Delays to new Sudanese oil investment opportunities likely due to political upheaval, says GlobalData

Following the reports on April 11 that Sudan’s President Omar al-Bashir will step down,

Will Scargill, Senior Oil & Gas Analyst at GlobalData, a leading data and analytics company, offers his view on the effect on the country’s oil and gas industry:

“Efforts to attract renewed investment into Sudan’s oil and gas industry may be delayed by political upheaval. The government was hoping that remaining US sanctions would be lifted, paving the way for new licensing, but a bid round now appears unlikely in the near term.

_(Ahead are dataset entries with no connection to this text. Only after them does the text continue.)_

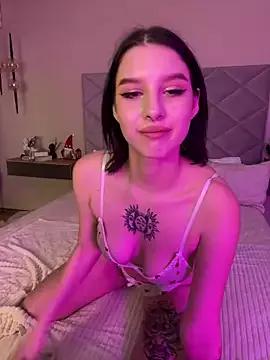 LuxBrunett_ on StripChat 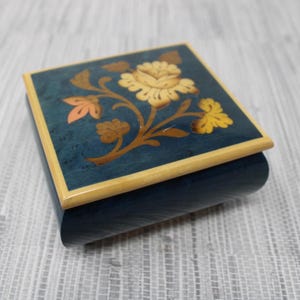 INLAID WOOD WORKS　MADE IN ITALY　木製 Italian Inlaid Wooden Keepsake Box 3.25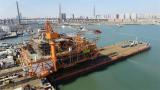 我国首个高压注气平台在海油工程天津建造场地成功装船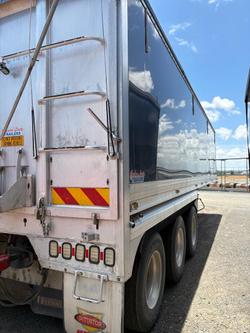 2016 Maxitans Grain Tipper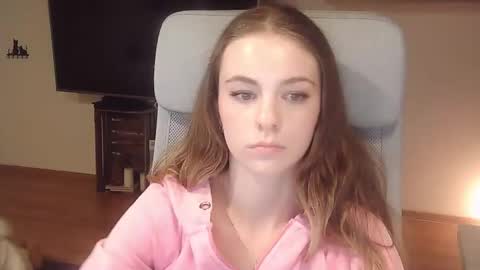 Snapshot of ariacreazy chatting on 29, 10, 2025 AriaCreazy online show from 29, 10, 2025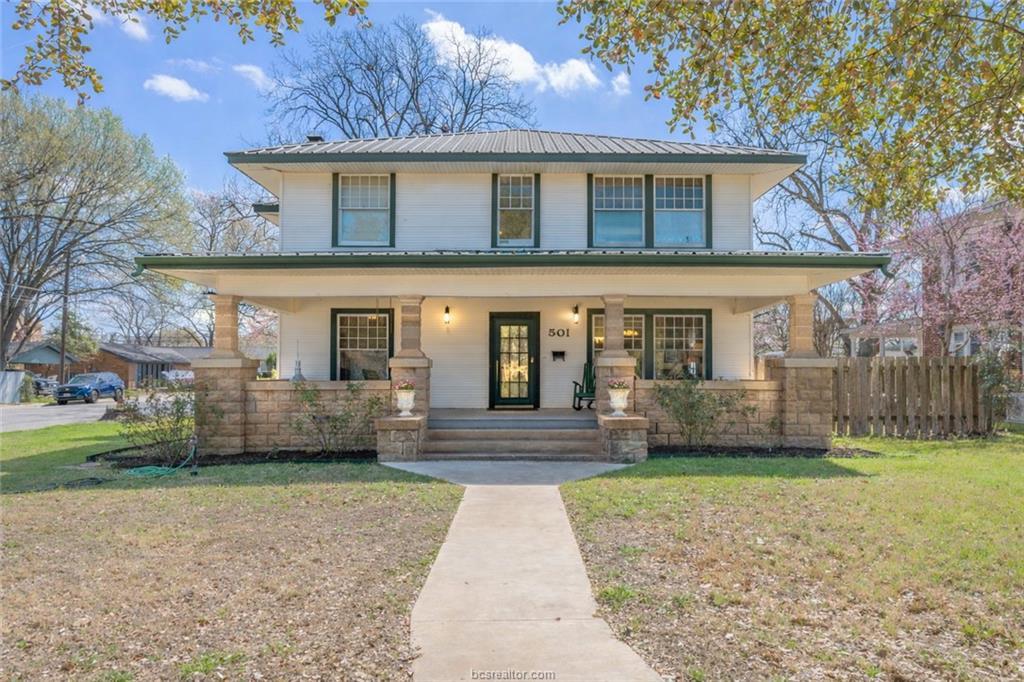 501 W Buck Street, Caldwell, TX 77836 — photo 1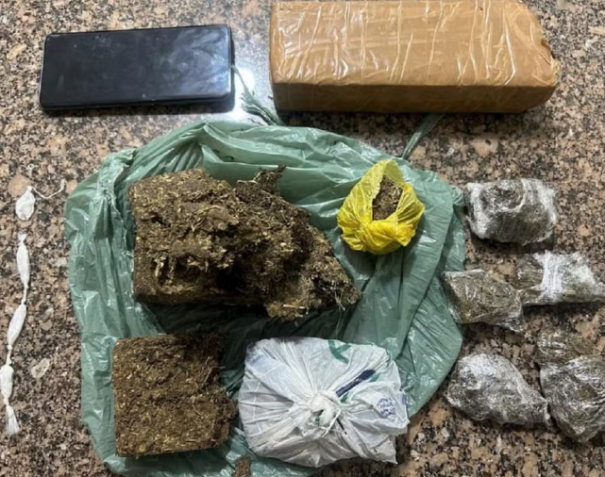 Ao ver viatura policial e correr, jovem de 22 anos acaba preso em flagrante por tráfico de droga em Santo Anastácio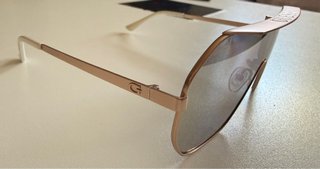 Gafas de sol Guess doradas y rosas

“Sudan’s oil industry has declined significantly over the past decade, now producing a little over 60,000 barrels per day compared to around 500,000 barrels per day back in 2007. Major oil fields were lost when South Sudan gained independence in 2011 and the remaining industry has suffered from a lack of investment, in part due to the country’s political and economic isolation. To combat this the government had hoped to offer acreage for new exploration later this year, though this process had already been delayed from its original schedule.

“A change in leadership after al-Bashir’s 30 years in power is bound to be disruptive to the implementation of policies to attract new investment and at the moment the political situation still appears very uncertain. The current instability may continue if the army’s transition plans do not meet protestors’ wider demands.”